Really. Happy (passionate and hardworking) employees make for great employment branding, customer service and ultimately overall product/service brand marketing. That also means it should be a mobile and social-friendly site.
And have you reviewed the company LinkedIn profile so you can see who you may know in the company, even if it’s a 2nd degree contact you might be able to get introduced to? You should make the time to do this because it’s still about whom you know.
In fact, you should research those organizations you’re interested in via all your professional networks of choice and find out who you’re connected to directly and even indirectly and what it is they’re saying about company (or not saying).
Find out as much as you can about who influences the applicant-selection decisions and then do your best to connect with them and share your interest in said job/s. Don’t overwhelm the contacts you know (or don’t know), but don’t underwhelm them either by simply applying on the corporate career page (with the pretty model stock photos).
Not everybody you find is going to be happy about where they work or worked. In fact, we live between two worlds of business today – one where passionate Zappos love-zapped culture-centric companies focus on the internal and external customer and strive to create an emotional connection between product/service and consumer.
And then you’ve got the other one. The one we’ve been working in for a long, long time – the business as usual, non-transparent, top-down bureaucracy, one where customer inside and out usually run a slow second to productivity and profits.
The one with the better alignment and balance is the one who understands and embraces marketing and that emotional connection.

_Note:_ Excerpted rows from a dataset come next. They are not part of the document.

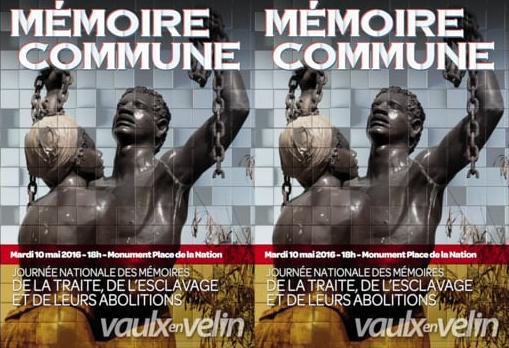 Mémoire commune – commémoration de l’abolition de l’esclavage – 10 mai 2016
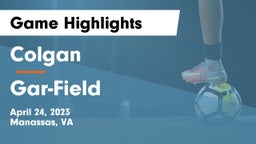 Colgan  vs Gar-Field  Game Highlights - April 24, 2023
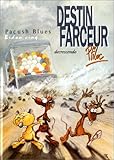 Pacush blues, tome 5 : Destin farceur - Decrescendo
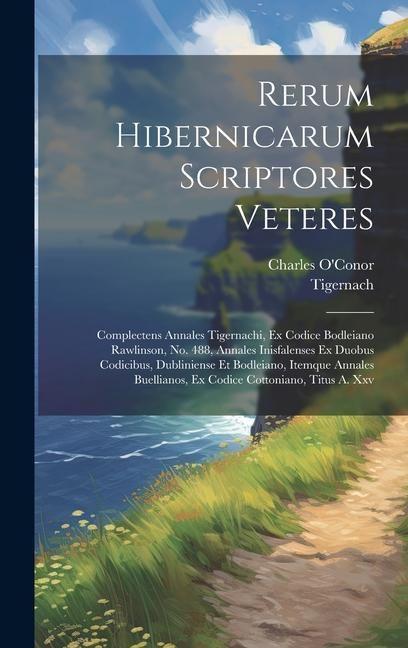Produktbild: Rerum Hibernicarum Scriptores Veteres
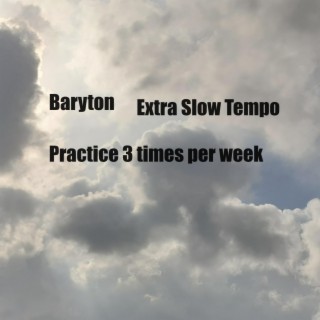 Baryton (Extra Slow Tempo)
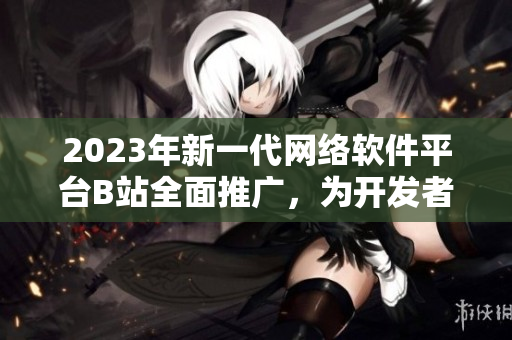 2023年新一代網(wǎng)絡(luò)軟件平臺B站全面推廣，為開發(fā)者打造創(chuàng)新入口！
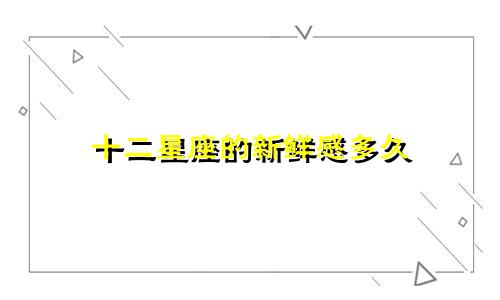 十二星座的新鲜感多久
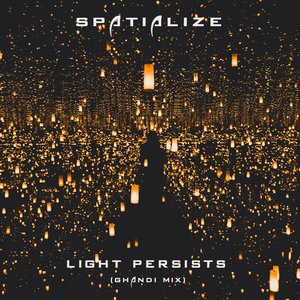 Light Persists (Ghandi Mix)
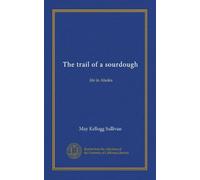 The trail of a sourdough: life in Alaska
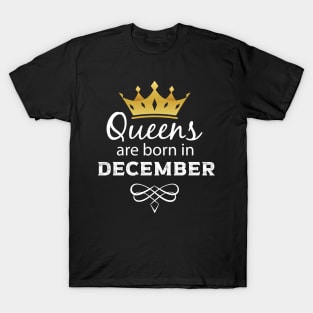 queens are born in December gift idea birthday gift T-Shirt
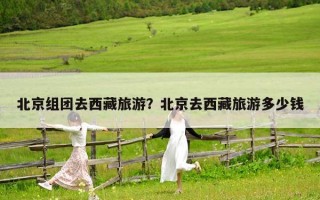 北京组团去西藏旅游？北京去西藏旅游多少钱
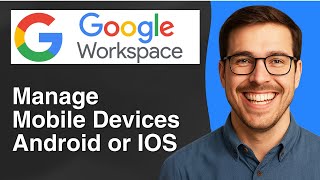 How to Manage Your Mobile Devices Android or Ios in Google Workspace [2025 Easy Guide]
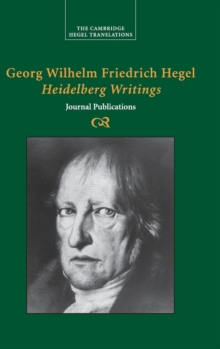 Georg Wilhelm Friedrich Hegel: Heidelberg Writings : Journal Publications, Hardback Book Georg Wilhelm Friedrich Hegel: Heidelberg Writings : Journal Publications, Hardback Book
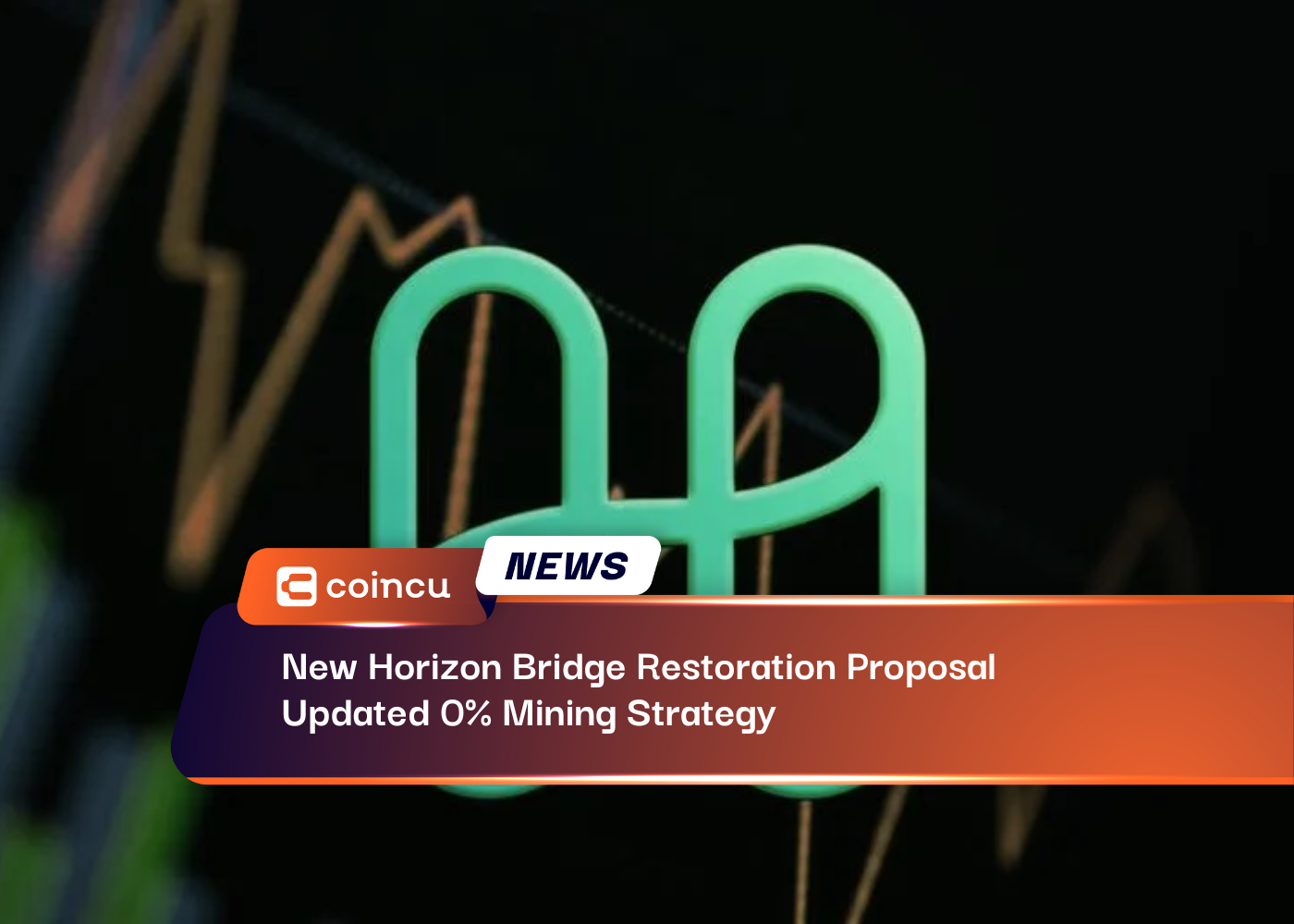 New Horizon Bridge Restoration Proposal Updated 0% Mining Strategy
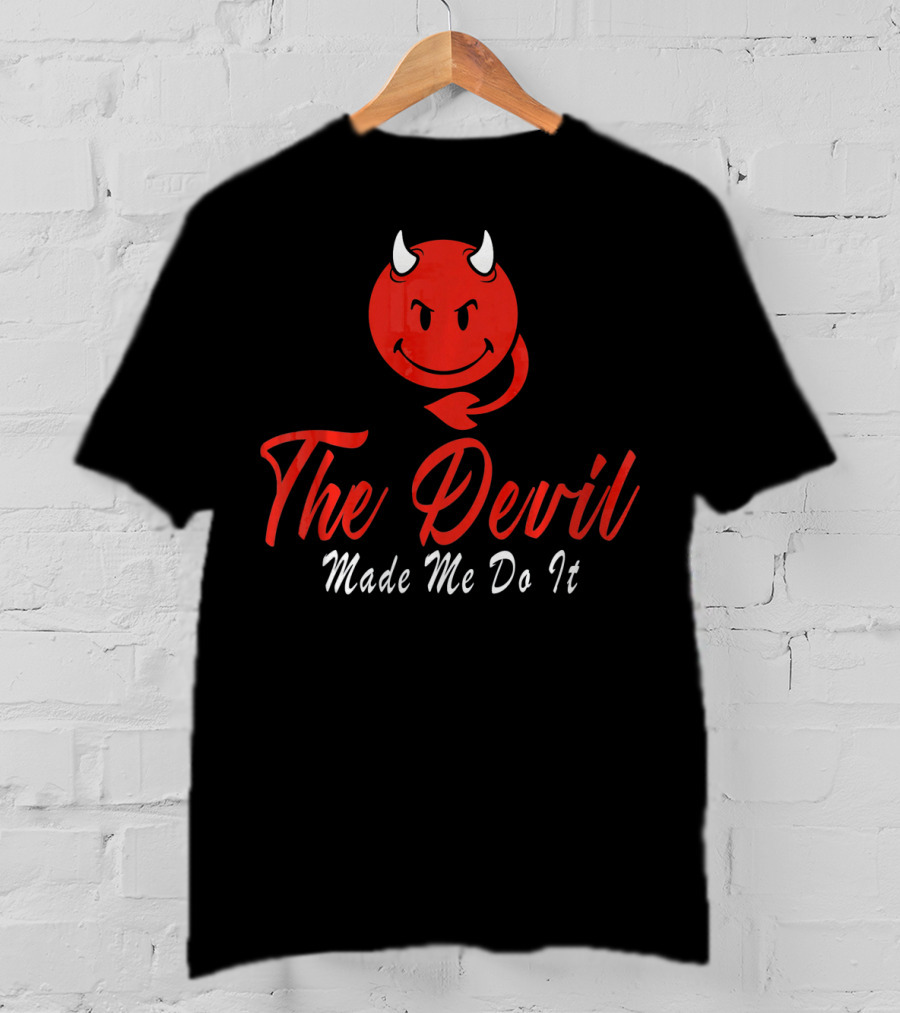 The Devil Made Me Do It Red Devil Funny T-Shirt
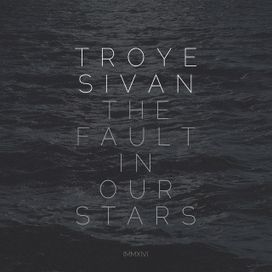 The Fault In Our Stars (MMXIV) - 2014 • Single/EP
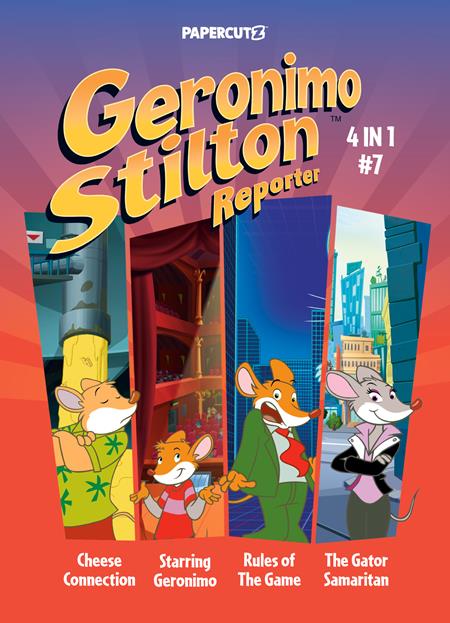 GERONIMO STILTON REPORTER 4-IN-1 TP VOL 07 - PREORDER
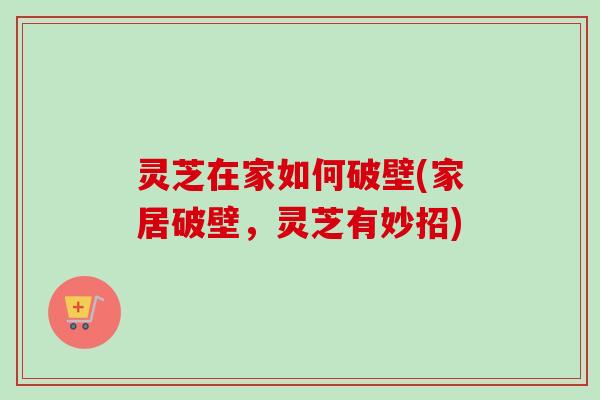 灵芝在家如何破壁(家居破壁，灵芝有妙招)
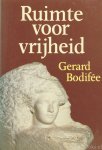 BODIFÉE, G. - Ruimte voor vrijheid. De onvoltooide natuur en het menselijke initiatief.
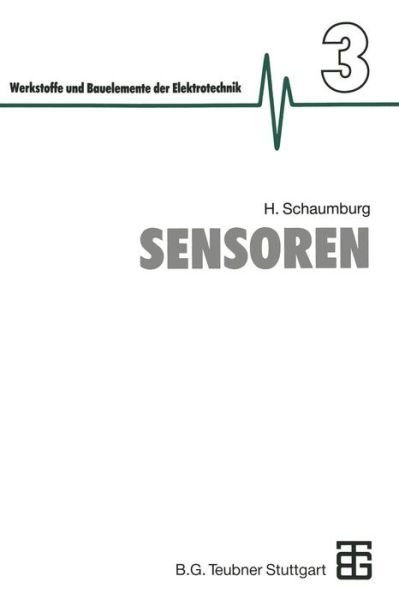 Cover for Hanno Schaumburg · Sensoren - Werkstoffe Und Bauelemente Der E-technik (Taschenbuch) [German, Softcover Reprint of the Original 1st Ed. 1992 edition] (2012)
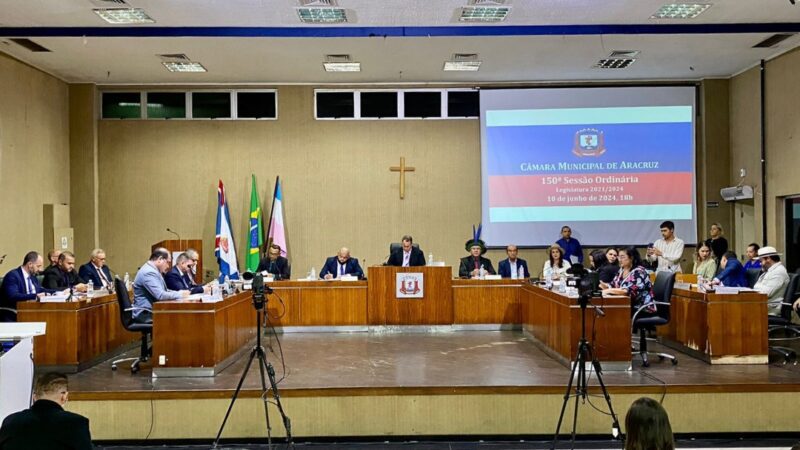 Assuntos em destaque na 150ª Sessão Ordinária: 25ª ExpoAracruz e educação de alunos autistas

Which brings me to the glass doors; use the site with this namesake for your company research – Glassdoor.com. Yes, we all want to see inside and understand what makes the companies we’re interested tick, and the quicker the better. Most job seekers don’t have a lot of time to do research and apply for the “good” companies, so the more transparent and real a company is, the easier the research and the targeting.
There’s no guarantee you’ll get the job and it’ll still come down to whom is the most qualified time and time again.
So one more thing that may help with your own marketing tipping point – the glass doors are two-way, so keep your online nose as clean as possible. You may have heard that hiring companies aren’t supposed to use the information they find about you in social media – but they do.
In fact, over 75% of recruiters and hiring managers always consider your social media presence in their hiring decisions, so it behooves you to keep your online noses clean.
Keep it real, but keep it clean, especially when you’re noses are pressed up against the glass.